A true trekking shoe at a great value. Out of all the “light hiking” boots in the test, the Amica is the most at home on more aggressive, technical terrain and longer hikes. As a backpacking shoe, it excels—and with noticeably more comfort than similarly stout options. It’s too stiff and serious for mellow ambles, though, and despite the mesh in the upper, the boots quickly got steamy inside.

FULL REVIEW

I was impressed with the technical features of the Amica, given how Garmont positions it as a “light hiker.” Although it is not marketed as a backpacking shoe, I think for most women, the Amica is perfectly adequate for long trips with moderate pack-weight in wet and dry weather. It’s also great value for only $140. (Be aware that this may not be the best shoe for light on-trail hikes due to the heavier construction.)

Support & Stability
The Amica is super supportive—longer, aggressive hikes are no problem. The midfoot shank makes the boot fairly stiff, which means less foot fatigue on sharp roots and rock trails. The ankle height was one of the highest of the boots in our light hiker test—which obviously helps boost the ankle stability on loose rocks and steep hills—but such a high collar can be a bit less comfortable on mellow, flat trails. My foot felt secure throughout the footbed (snug heel cup, narrow, high toe box) and the laces have the ability to really lock down the heel for steep downhills.

Comfort
The Amica was not the most comfortable boot in the test (compared with, say, the Oboz Mystic or Keen Ambler Mesh). Then again, it is built to perform and keep your feet happy on much tougher, fatiguing terrain. The cuff lining has lots of cushioning, which helps prevent painful bruising, and the factory insoles are comfortable enough on their own, so purchasing after market insoles is unnecessary.
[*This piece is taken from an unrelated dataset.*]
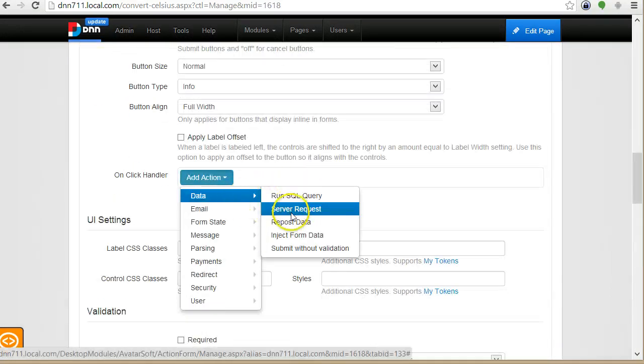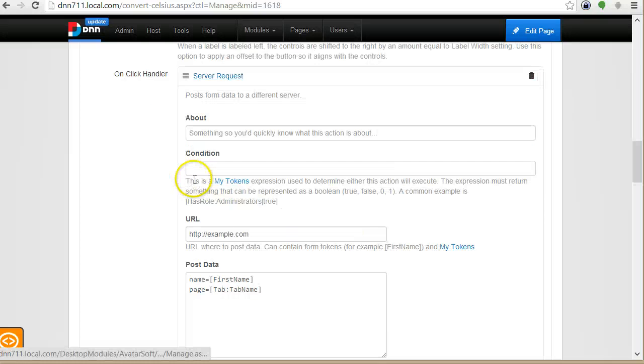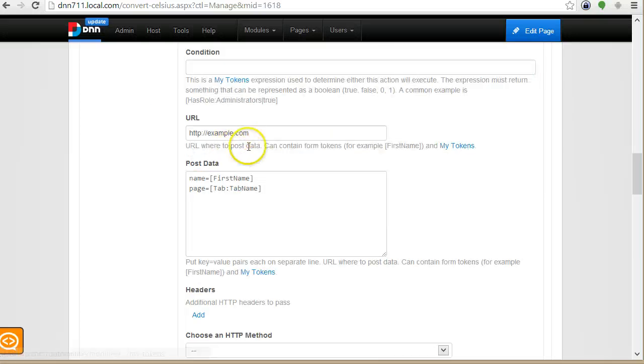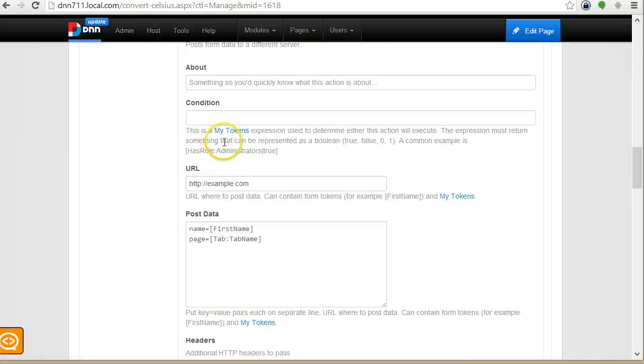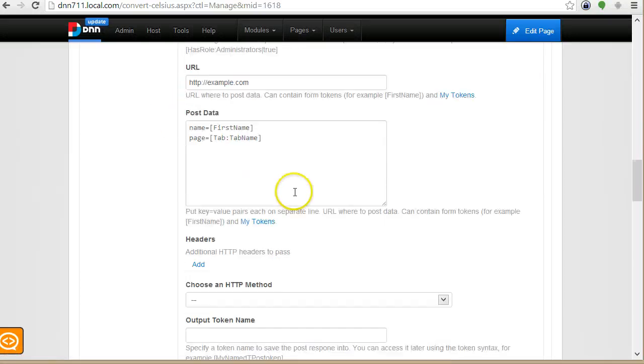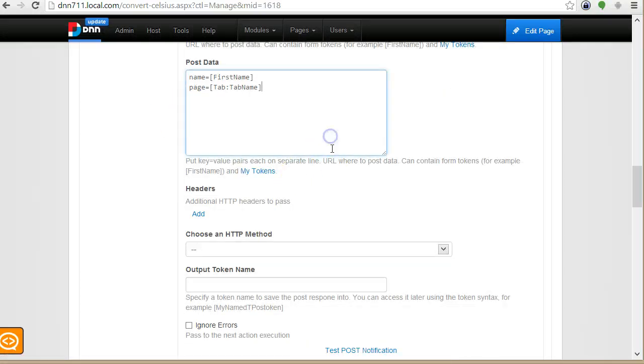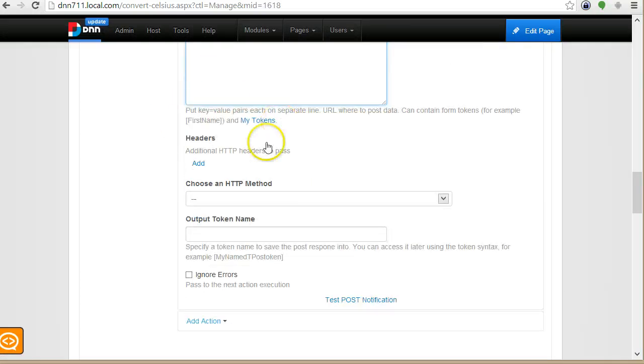And then I will add a server request and here you can choose the URL where to make the request and some data to upload. And we're gonna also store the response.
Downside: The shoe is totally waterproof, but got steamy in about 20 minutes on a dry, sunny day (which can boost your chances at a blisters).

Construction
The water repellant suede and mesh upper is durable, breathable, and scrape-resistant. The 6mm lugs seem totally appropriate for slippery/steep terrain, and widely spaced enough to prevent mud and rocks from getting stuck, although only about an hour of my testing occurred in light rain. A mix of PU (polyurethane) and EVA (foam) in the midsole make this shoe perfectly appropriate for heavier loads (Garmont suggests up to 175 lbs, including your bodyweight), though I never had more than 130 pounds on my feet.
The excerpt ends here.